Change the createSampleValue
method to return objects of your specific type.
package test;
import java.sql.Timestamp;
import org.apache.ignite.Ignite;
import org.apache.ignite.IgniteCache;
import org.apache.ignite.Ignition;
import org.apache.ignite.cache.query.annotations.QuerySqlField;
import org.apache.ignite.configuration.CacheConfiguration;
import org.apache.ignite.internal.util.typedef.internal.U;
public class DataSizeEstimation {
static class Value {
public int id;
public String name;
public Timestamp date;
public Value(int id, String name, Timestamp date) {
this.id = id;
this.name = name;
this.date = date;
}
public int getId() {
return id;
}
public String getName() {
return name;
}
public Timestamp getDate() {
return date;
}
}
private static Value createSampleValue(int i) {
return new Value(i, "123456789" + i, new Timestamp(System.currentTimeMillis()));
}
public static void main(String[] args) {
try (Ignite ignite = Ignition.start("config-data-size-estimation.xml")) {
ignite.cluster().active(true);
System.out.println("Populating the cache...");
IgniteCache<Long, Value> cache = ignite.cache("myCache");
for (int i = 0; i <= 2_000_000; i++) {
cache.put((long) i, createSampleValue(i));
}
System.out.println("Total storage size: "
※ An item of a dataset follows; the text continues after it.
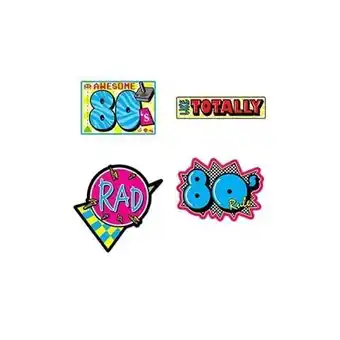 Tesco Awesome Retro 80's Decorative Cutouts - Pack of 4 offer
+ U.readableSize(ignite.dataStorageMetrics().getTotalAllocatedSize(), false));
ignite.cluster().active(false);
}
}
}
To find out the amount of space taken up by the data, check the value of the DataRegionMetrics.default.TotalAllocatedSize
metric. It returns the total size of the data on disk. The code provided above will produce 271.1 MB of data.
Extrapolating to the entire data set
When the size of the data sample is known, the total size of the entire dataset can be obtained from linear interpolation. Continuing the example considered above, if we upload 10 million records, we will have:
5 * 271.1 = 1355.5 MB
This is the size of the data converted into the internal binary format. The total size of the persistent storage includes the backup copies (if they are configured), WAL files, and a negligible amount of metadata. See this page for details.